Scientific impact: Protein self-aggregation has immense fundamental, biotechnological and medical importance. This project will have wide scientific impact by addressing key questions in the amyloid field: how and why do GAGs bind widely to amyloid fibrils irrespective of sequence and structure; how does GAG binding influence the course of amyloid assembly and how can we harness this information for the development of amyloid diagnostics and therapeutics? This is a challenge of vital biological importance; the results will be of interest to a wide spectrum of scientists, pharmacists and medical researchers in academia and industry.

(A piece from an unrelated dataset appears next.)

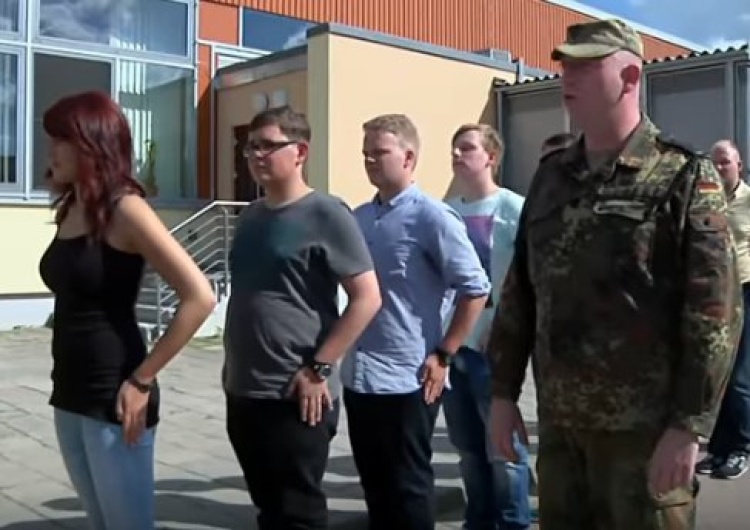  Niemiecka prasa o złym stanie armii: „Z Bundeswehrą nie da się nic zrobić”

Industrial impact: Details of amyloid-GAG interactions offer immense benefits for the design of therapeutic strategies targeting several, if not all, amyloid disorders. Amyloid disease is predicted to be the major threat to human health in Western society in the next 50 years. However, the lack of understanding of the origins of molecular recognition between amyloid and GAGs has hindered the development of rationally designed anti-amyloid therapies and diagnostics. The long-term collaboration between the applicants will answer this key question, building on excellent equipment, exemplary infrastructure and a strong record of success in this area. We will also use our close contacts with pharmaceutical companies (e.g, GSK, UCB (Parkinson's), Lilley (Tauopathies), AstraZeneca (AD, Diabetes)) to expedite the design of new anti-amyloid agents based on the results obtained: DAM has already designed novel anti-amyloids by utilizing structural data.

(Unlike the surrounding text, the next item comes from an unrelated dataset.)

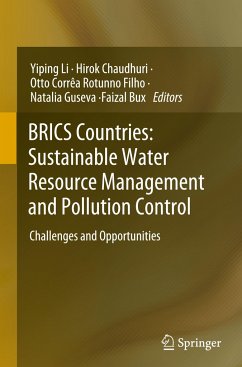 BRICS Countries: Sustainable Water Resource Management and Pollution Control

Supporting knowledge and technology translation: DAM, EAY and SER speak regularly at scientific conferences and are well versed in knowledge exchange with academics and industrialists. We anticipate that the high impact of this work will merit spotlight articles in widely read magazines and journals. DAM's work developing amyloid inhibitors has been highlighted in ACS Chemical Biology, SciBX and F1000. SER's research into amyloid fibril toxicity has been highlighted on the front page of the BBSRC website (6.12.2009), and chosen as paper of the week in J. Biol. Chem., illustrating the importance of the research in this area and the pro-active nature of the researchers in promoting its research findings.
There are excellent opportunities to develop the results into therapeutic or diagnostic agents. Systems are in place for patenting and exploiting new materials through the technology transfer arm of the University of Liverpool, Business Gateway, and its business incubator, MerseyBio that provides accommodation for start-up biotechnology companies. ER has active collaborations with UCB, Medimmune and Lilley, which will ensure facile links into these organisations once the project bears fruit. SER is the ACSMB Director, with overall responsibility for linking with Industry though the University of Leeds Industry Hub in pharmaceuticals.

Delivering highly skilled people: The applicants will train two PDRAs in cutting edge technology and ensure their successful career development in academia or industry. Over the past few years, highly skilled post-graduate and post-doctoral fellows from the laboratories of DAM, EAY and SER have gone on to fellowships, lectureships and positions in industry.

Public engagement: This work will have a large impact on the general public, many of whom are affected directly or indirectly by amyloid disease. The Institute of Integrative Biology at Liverpool has an active Public Engagement agenda of substantial breadth, and DAM and EAY will join existing outreach and inreach programs to publicise this work, for example by visiting local colleges and at Institute Open Days. At Leeds, ACSMB members regularly organise workshops and science fairs to inspire school children to study science, student placements in research laboratories, talks at conferences for school teachers and authorship of articles for sixth-formers.